━━━━━ The data
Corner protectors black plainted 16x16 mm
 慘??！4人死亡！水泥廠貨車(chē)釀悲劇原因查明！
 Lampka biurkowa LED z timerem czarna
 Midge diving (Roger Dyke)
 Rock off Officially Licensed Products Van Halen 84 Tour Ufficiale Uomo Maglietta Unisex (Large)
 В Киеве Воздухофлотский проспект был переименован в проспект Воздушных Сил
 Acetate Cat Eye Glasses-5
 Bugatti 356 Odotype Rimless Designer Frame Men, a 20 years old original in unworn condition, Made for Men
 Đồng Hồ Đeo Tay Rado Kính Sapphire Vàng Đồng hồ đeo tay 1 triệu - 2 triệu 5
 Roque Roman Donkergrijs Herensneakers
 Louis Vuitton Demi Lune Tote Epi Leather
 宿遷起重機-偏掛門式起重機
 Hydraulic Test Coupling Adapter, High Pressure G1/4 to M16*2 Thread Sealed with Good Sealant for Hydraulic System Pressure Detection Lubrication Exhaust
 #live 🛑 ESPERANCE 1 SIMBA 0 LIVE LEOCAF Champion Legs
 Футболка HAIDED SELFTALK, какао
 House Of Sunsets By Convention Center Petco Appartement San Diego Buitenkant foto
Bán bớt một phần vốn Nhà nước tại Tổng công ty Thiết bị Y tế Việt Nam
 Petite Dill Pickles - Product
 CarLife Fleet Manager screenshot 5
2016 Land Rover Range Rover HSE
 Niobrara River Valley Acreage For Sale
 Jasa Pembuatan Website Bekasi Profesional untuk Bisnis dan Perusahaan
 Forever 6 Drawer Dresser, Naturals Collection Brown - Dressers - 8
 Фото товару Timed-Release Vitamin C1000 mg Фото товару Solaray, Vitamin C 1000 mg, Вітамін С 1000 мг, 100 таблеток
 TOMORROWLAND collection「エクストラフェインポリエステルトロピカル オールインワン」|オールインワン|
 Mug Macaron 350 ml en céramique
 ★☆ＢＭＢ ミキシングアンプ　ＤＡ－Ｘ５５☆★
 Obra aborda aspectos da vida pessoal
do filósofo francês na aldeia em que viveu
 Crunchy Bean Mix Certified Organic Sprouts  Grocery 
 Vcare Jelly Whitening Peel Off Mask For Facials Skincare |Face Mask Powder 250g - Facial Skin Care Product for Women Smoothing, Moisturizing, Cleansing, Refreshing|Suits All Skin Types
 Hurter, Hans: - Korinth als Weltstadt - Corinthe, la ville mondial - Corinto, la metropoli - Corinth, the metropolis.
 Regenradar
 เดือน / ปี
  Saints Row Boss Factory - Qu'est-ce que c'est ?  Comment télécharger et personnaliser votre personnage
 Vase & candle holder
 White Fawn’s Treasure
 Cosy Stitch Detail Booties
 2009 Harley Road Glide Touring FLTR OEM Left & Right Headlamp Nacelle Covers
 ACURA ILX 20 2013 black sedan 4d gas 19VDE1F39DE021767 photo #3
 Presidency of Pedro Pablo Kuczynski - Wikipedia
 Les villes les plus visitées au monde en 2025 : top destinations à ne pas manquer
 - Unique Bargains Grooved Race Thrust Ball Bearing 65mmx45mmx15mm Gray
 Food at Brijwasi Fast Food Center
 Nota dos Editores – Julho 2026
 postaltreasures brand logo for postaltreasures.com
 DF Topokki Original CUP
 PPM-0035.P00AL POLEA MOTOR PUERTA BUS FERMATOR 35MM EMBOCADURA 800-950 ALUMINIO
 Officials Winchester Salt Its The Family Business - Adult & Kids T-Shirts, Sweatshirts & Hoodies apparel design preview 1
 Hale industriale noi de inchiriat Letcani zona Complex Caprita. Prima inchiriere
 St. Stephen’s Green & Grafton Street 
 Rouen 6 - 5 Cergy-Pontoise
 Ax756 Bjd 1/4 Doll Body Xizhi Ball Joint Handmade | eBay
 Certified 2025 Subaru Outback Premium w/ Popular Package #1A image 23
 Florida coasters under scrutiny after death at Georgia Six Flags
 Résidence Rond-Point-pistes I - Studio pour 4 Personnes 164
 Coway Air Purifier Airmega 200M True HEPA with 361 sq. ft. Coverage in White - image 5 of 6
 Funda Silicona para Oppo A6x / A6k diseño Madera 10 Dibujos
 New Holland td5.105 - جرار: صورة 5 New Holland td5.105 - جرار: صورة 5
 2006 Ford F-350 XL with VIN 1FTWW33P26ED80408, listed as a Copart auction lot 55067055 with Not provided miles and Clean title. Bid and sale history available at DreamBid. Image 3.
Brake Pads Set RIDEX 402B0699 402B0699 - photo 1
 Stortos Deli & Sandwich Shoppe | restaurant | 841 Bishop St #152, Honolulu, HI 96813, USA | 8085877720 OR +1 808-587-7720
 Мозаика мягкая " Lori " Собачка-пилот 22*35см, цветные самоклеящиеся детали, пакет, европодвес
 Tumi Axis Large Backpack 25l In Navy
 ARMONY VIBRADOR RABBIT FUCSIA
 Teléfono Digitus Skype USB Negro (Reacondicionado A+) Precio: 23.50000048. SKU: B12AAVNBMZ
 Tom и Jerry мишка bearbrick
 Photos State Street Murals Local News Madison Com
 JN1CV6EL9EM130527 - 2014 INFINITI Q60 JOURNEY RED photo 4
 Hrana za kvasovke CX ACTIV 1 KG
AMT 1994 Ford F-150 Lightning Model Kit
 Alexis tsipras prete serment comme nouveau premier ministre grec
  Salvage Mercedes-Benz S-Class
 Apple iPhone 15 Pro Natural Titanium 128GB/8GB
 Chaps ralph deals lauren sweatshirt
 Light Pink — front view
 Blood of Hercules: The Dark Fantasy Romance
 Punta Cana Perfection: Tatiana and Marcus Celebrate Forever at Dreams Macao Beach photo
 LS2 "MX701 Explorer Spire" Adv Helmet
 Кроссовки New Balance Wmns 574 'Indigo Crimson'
━━━━━━━━━━
■ **Description of the task**
Please return the full set of records exactly as given above.

■ **Written solution**
Corner protectors black plainted 16x16 mm
 慘??！4人死亡！水泥廠貨車(chē)釀悲劇原因查明！
 Lampka biurkowa LED z timerem czarna
 Midge diving (Roger Dyke)
 Rock off Officially Licensed Products Van Halen 84 Tour Ufficiale Uomo Maglietta Unisex (Large)
 В Киеве Воздухофлотский проспект был переименован в проспект Воздушных Сил
 Acetate Cat Eye Glasses-5
 Bugatti 356 Odotype Rimless Designer Frame Men, a 20 years old original in unworn condition, Made for Men
 Đồng Hồ Đeo Tay Rado Kính Sapphire Vàng Đồng hồ đeo tay 1 triệu - 2 triệu 5
 Roque Roman Donkergrijs Herensneakers
 Louis Vuitton Demi Lune Tote Epi Leather
 宿遷起重機-偏掛門式起重機
 Hydraulic Test Coupling Adapter, High Pressure G1/4 to M16*2 Thread Sealed with Good Sealant for Hydraulic System Pressure Detection Lubrication Exhaust
 #live 🛑 ESPERANCE 1 SIMBA 0 LIVE LEOCAF Champion Legs
 Футболка HAIDED SELFTALK, какао
 House Of Sunsets By Convention Center Petco Appartement San Diego Buitenkant foto
Bán bớt một phần vốn Nhà nước tại Tổng công ty Thiết bị Y tế Việt Nam
 Petite Dill Pickles - Product
 CarLife Fleet Manager screenshot 5
2016 Land Rover Range Rover HSE
 Niobrara River Valley Acreage For Sale
 Jasa Pembuatan Website Bekasi Profesional untuk Bisnis dan Perusahaan
 Forever 6 Drawer Dresser, Naturals Collection Brown - Dressers - 8
 Фото товару Timed-Release Vitamin C1000 mg Фото товару Solaray, Vitamin C 1000 mg, Вітамін С 1000 мг, 100 таблеток
 TOMORROWLAND collection「エクストラフェインポリエステルトロピカル オールインワン」|オールインワン|
 Mug Macaron 350 ml en céramique
 ★☆ＢＭＢ ミキシングアンプ　ＤＡ－Ｘ５５☆★
 Obra aborda aspectos da vida pessoal
do filósofo francês na aldeia em que viveu
 Crunchy Bean Mix Certified Organic Sprouts  Grocery 
 Vcare Jelly Whitening Peel Off Mask For Facials Skincare |Face Mask Powder 250g - Facial Skin Care Product for Women Smoothing, Moisturizing, Cleansing, Refreshing|Suits All Skin Types
 Hurter, Hans: - Korinth als Weltstadt - Corinthe, la ville mondial - Corinto, la metropoli - Corinth, the metropolis.
 Regenradar
 เดือน / ปี
  Saints Row Boss Factory - Qu'est-ce que c'est ?  Comment télécharger et personnaliser votre personnage
 Vase & candle holder
 White Fawn’s Treasure
 Cosy Stitch Detail Booties
 2009 Harley Road Glide Touring FLTR OEM Left & Right Headlamp Nacelle Covers
 ACURA ILX 20 2013 black sedan 4d gas 19VDE1F39DE021767 photo #3
 Presidency of Pedro Pablo Kuczynski - Wikipedia
 Les villes les plus visitées au monde en 2025 : top destinations à ne pas manquer
 - Unique Bargains Grooved Race Thrust Ball Bearing 65mmx45mmx15mm Gray
 Food at Brijwasi Fast Food Center
 Nota dos Editores – Julho 2026
 postaltreasures brand logo for postaltreasures.com
 DF Topokki Original CUP
 PPM-0035.P00AL POLEA MOTOR PUERTA BUS FERMATOR 35MM EMBOCADURA 800-950 ALUMINIO
 Officials Winchester Salt Its The Family Business - Adult & Kids T-Shirts, Sweatshirts & Hoodies apparel design preview 1
 Hale industriale noi de inchiriat Letcani zona Complex Caprita. Prima inchiriere
 St. Stephen’s Green & Grafton Street 
 Rouen 6 - 5 Cergy-Pontoise
 Ax756 Bjd 1/4 Doll Body Xizhi Ball Joint Handmade | eBay
 Certified 2025 Subaru Outback Premium w/ Popular Package #1A image 23
 Florida coasters under scrutiny after death at Georgia Six Flags
 Résidence Rond-Point-pistes I - Studio pour 4 Personnes 164
 Coway Air Purifier Airmega 200M True HEPA with 361 sq. ft. Coverage in White - image 5 of 6
 Funda Silicona para Oppo A6x / A6k diseño Madera 10 Dibujos
 New Holland td5.105 - جرار: صورة 5 New Holland td5.105 - جرار: صورة 5
 2006 Ford F-350 XL with VIN 1FTWW33P26ED80408, listed as a Copart auction lot 55067055 with Not provided miles and Clean title. Bid and sale history available at DreamBid. Image 3.
Brake Pads Set RIDEX 402B0699 402B0699 - photo 1
 Stortos Deli & Sandwich Shoppe | restaurant | 841 Bishop St #152, Honolulu, HI 96813, USA | 8085877720 OR +1 808-587-7720
 Мозаика мягкая " Lori " Собачка-пилот 22*35см, цветные самоклеящиеся детали, пакет, европодвес
 Tumi Axis Large Backpack 25l In Navy
 ARMONY VIBRADOR RABBIT FUCSIA
 Teléfono Digitus Skype USB Negro (Reacondicionado A+) Precio: 23.50000048. SKU: B12AAVNBMZ
 Tom и Jerry мишка bearbrick
 Photos State Street Murals Local News Madison Com
 JN1CV6EL9EM130527 - 2014 INFINITI Q60 JOURNEY RED photo 4
 Hrana za kvasovke CX ACTIV 1 KG
AMT 1994 Ford F-150 Lightning Model Kit
 Alexis tsipras prete serment comme nouveau premier ministre grec
  Salvage Mercedes-Benz S-Class
 Apple iPhone 15 Pro Natural Titanium 128GB/8GB
 Chaps ralph deals lauren sweatshirt
 Light Pink — front view
 Blood of Hercules: The Dark Fantasy Romance
 Punta Cana Perfection: Tatiana and Marcus Celebrate Forever at Dreams Macao Beach photo
 LS2 "MX701 Explorer Spire" Adv Helmet
 Кроссовки New Balance Wmns 574 'Indigo Crimson'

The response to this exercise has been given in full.